The room spun around me and I felt like I couldn't breathe. I just remember crying and crying, thinking that I would never stop. Alone. In my first apartment. Laying on the purple carpet my mum had bought for me, unable to pay rent, heart broken, mentally and spiritually exhausted and trying everything I could to get through the day. After I climbed out of that hole I quickly fell into another and another. I moved house more often than I could count, I lost more jobs than I knew what to do with and the aching loneliness that came with all of that just followed me everywhere. Rock bottom was not so much an experience as a lifestyle that seemed to cling to me. And here's the thing that is often left out of spiritual teachings, is that it's never a one time experience. Rock bottoms for all of their noise, glamour and drama are actually spiritual resets for your life. They are designed to hit you back on course. The more of them you experience the more you are able to develop a skill set to navigate them so that when they do turn up you will know what to do. Rock bottoms have been my biggest teachers and in hindsight I wouldn't change them for the world.
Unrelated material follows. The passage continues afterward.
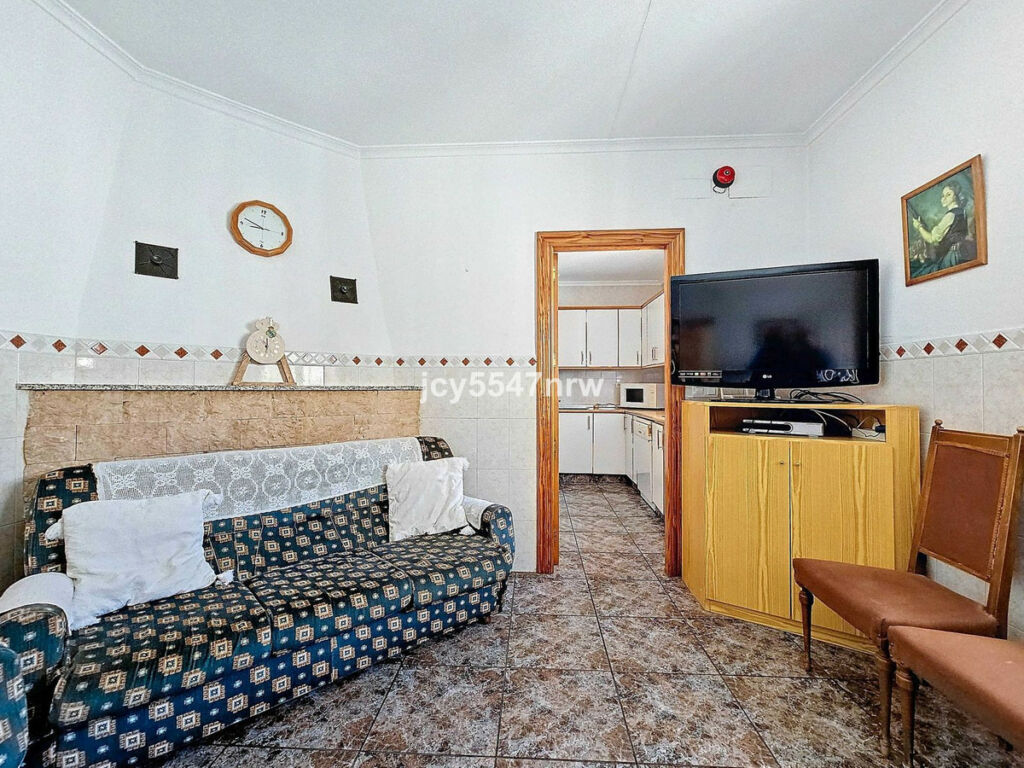 Townhouse Pinoso Alicante - image 10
My experiences on this planet have taught me a great many things about myself and about the world around me. One of which is that I am a man of faith. When I was young and something impacted my life I would throw myself at it and the drama of it in the misguided understanding that it was my job to resolve it or sort it out. When the hits to my life became so big that there was literally nothing I could do I eventually did what I should have done from the very beginning, I prayed. Now when something impacts my life in a way that doesn't feel good instead of crying and wailing about it I do my best to sit with a candle and pray it out. I do my best to understand that it is not my job exclusively to fix or even intervene what is being rearranged within my life. It is my job to listen to what is being said to me, to be brave enough to accept it and then to take that gift and use it within my life. There is no end to pain on the planet. We all go through it at varying levels at many different points in our lives. Avoiding it is impossible. The more you learn to accept it and move forward the quicker you will come out the other side in the mould and shape that the universe has designed for you.
I consider myself very lucky in the discovery of my faith. You can call it God, Allah, Buddah, Beyonce for all I care, I'm not attached to any religion dominantly, but, I know, I experience and I trust in the consciousness of the world around me. It has guided me, lifted me, deconstructed me and made me into the best version of myself and it continues to do so. I exist inside a giant collaboration that is constantly communicating with me and constantly inviting me to play in the world. You do too! When our lives look like they are broken into a million little pieces around us that's not the time to scream and panic, that's the time to get quiet and let a force bigger than you take over. EVERY TIME I've done this it has worked. That doesn't mean emotionally checking out. It just means that you spend more time in prayer than you do in the chaos and hysteria of your experience. It means you spend more time listening to the world around you then you do reacting and avoiding the the pain infront of you. What is your life moulding you into? What is the lesson inside the experience? What is there to be grateful for? These are meditations that help unlock your experience so that you can figure out the root and bones of who you are. Take some time. Take some space and work on who you are becoming.